Die PlugIns waren immer gut- man mußte halt nur eine weise Entscheidung treffen.
@mort76 Ja klar, weiss ich, war eher eine Spitze zur Wende im Design. Hatte es ja auch bei funky gelassen😁.
@Tai Ich hab die Funky Skins geliebt! Da sind mir schon beim reinen Ansehen die abgefahrensten Ideen gekommen :D
Vielen Dank für den tolle Bericht. Es unterstreicht auch meine Meinung, denn OHMBOYZ INFINITY ist der würde Nachfolger des Originals. Das Original nutze ich seit damals und die neue Version seit Einführung von INFINITY.
Ich kann jedem dieses Plugin empfehlen, der kreative und aussergewöhnliche Delay Linien zu schätzen weiß.

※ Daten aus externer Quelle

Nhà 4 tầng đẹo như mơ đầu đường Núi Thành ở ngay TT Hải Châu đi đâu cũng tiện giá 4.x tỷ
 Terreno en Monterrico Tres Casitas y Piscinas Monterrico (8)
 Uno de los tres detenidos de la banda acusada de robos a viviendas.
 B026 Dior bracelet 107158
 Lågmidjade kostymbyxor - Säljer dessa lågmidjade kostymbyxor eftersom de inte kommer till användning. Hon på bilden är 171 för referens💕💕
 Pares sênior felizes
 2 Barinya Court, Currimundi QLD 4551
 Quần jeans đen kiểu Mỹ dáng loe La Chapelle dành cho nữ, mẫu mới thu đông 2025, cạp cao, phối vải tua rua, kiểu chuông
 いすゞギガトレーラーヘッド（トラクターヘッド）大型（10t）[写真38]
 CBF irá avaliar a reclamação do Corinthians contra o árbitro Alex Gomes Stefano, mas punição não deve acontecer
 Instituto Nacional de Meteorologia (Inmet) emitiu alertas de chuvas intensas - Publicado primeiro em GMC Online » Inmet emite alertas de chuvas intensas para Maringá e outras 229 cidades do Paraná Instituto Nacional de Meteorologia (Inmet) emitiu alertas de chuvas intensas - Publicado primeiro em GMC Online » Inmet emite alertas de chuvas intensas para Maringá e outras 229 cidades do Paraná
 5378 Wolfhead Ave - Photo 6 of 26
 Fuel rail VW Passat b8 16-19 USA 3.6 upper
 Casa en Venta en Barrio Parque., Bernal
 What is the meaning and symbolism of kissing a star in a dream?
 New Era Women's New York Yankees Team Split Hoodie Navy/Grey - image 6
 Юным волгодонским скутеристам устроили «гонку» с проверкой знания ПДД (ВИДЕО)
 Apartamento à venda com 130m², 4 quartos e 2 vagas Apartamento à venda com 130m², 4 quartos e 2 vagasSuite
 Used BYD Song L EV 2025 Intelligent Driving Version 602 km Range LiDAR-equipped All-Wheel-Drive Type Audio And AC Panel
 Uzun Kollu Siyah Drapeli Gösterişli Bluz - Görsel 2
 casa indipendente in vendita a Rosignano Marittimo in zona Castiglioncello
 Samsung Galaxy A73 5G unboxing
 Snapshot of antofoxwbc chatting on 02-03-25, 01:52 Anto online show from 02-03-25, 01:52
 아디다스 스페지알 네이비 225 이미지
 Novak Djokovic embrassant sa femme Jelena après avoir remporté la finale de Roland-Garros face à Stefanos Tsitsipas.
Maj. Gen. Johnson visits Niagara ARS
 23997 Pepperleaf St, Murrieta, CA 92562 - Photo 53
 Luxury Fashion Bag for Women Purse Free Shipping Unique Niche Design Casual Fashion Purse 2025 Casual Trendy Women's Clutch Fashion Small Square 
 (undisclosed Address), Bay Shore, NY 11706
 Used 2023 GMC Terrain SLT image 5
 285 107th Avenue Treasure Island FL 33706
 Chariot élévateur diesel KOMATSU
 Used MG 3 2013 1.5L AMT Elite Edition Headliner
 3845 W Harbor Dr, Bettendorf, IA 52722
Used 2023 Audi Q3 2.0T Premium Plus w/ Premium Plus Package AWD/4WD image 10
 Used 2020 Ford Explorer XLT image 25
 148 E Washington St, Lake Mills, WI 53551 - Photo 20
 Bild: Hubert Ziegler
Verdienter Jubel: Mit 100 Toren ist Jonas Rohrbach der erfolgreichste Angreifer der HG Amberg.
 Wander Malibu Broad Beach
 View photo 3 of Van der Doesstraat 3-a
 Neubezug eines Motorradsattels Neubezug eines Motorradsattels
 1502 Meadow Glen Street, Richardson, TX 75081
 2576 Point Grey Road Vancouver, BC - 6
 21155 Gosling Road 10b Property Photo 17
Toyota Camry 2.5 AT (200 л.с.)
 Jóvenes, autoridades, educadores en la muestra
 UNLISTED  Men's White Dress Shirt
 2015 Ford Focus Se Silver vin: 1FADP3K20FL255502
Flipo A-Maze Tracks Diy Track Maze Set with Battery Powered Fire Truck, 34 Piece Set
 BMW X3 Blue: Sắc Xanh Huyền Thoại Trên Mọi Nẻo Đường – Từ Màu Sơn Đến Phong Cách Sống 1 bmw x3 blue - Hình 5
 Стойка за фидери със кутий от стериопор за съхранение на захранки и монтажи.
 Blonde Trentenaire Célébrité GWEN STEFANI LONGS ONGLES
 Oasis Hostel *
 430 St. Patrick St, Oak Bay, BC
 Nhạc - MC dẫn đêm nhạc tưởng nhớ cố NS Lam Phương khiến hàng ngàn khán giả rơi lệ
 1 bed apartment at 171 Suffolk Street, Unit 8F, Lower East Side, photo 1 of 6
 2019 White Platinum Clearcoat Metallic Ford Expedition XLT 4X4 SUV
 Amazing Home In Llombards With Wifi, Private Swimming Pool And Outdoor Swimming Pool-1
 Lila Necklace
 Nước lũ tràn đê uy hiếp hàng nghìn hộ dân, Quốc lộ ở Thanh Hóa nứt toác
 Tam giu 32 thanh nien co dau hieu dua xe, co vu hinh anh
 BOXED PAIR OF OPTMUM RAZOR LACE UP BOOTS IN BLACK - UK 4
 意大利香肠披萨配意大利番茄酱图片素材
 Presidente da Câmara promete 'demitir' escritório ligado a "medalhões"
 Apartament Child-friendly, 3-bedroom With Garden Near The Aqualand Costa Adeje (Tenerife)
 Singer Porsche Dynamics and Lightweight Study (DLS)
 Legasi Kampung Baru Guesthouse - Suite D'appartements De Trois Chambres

Danke für den Bericht! Ich habe das Infinity tatsächlich 2018 als Betatester getestet und konnte es dann im Anschluss für einen sehr niedrigen Preis kaufen. Leider war es über die Jahre sehr buggy und ich habe es ad acta gelegt gehabt. Durch den Bericht hier habe ich es mal geupdatet (1.1.1) und muss sagen es klingt phantastisch und es gab bislang keine der damaligen Bugs. Die Möglichkeiten für Rhythmus und Sounddesign sind immens und das liegt u.a. am grosszügigen Einsatz von LFO`s/Modulatoren. Das war übrigens immer ein Superfeature bei den Ohmforce Plugins. Im Ohmboyz Delay z.B. war das schon früh genial – jeder der Parameter hatte einen eigenen LFO, in sehr angenehmer Weise in die GUI integriert. Die Funkyskins waren kreativ und stachen aus der Pluginflut heraus, aber ich habe immer die standard Skins verwendet, es war mir einfach zu anstrengend den Überblick zu behalten…:-))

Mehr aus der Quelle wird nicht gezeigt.